雲竜図は直径約3メートル50センチの円形。座禅などで使う仏殿「寂光殿(じゃっこうでん)」が境内に建てられた1724年ごろ、墨汁で描かれたとみられるが作者は不明。
経年劣化のため天井の溝が白化し絵はかすれて消えかかっていた。3年前に跡を継いだ豊福英樹住職(36)が、和歌山県の寺院など3件の雲竜図の修復を手掛けた絵師の福井安紀(さだのり)さん(51)=京都府宇治市=に修復を依頼した。

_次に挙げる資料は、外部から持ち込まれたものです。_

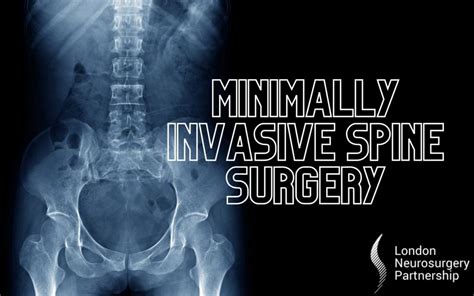 Minimally Invasive Spine Surgery London Neurosurgery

福井さんによると、他寺院のものより黒目が大きいのが特徴で、頭の位置などから金戒光明寺(京都市)の絵に影響を受けた可能性があり、過去に修繕された形跡もあるという。
後世の人がもとの筆跡と区別できるようにと、墨汁よりも粒子の粗い和墨を染み込ませた筆や刷毛(はけ)を使い、勇壮な竜を再現させている。
「竜が消えてしまうのではと心配していた。ご縁があり修復できてうれしい」と豊福住職。福井さんは「雲竜図がある寺は少なく貴重。大事にしてほしい」と話した。
11日に完成予定で、一般参拝も受け付ける。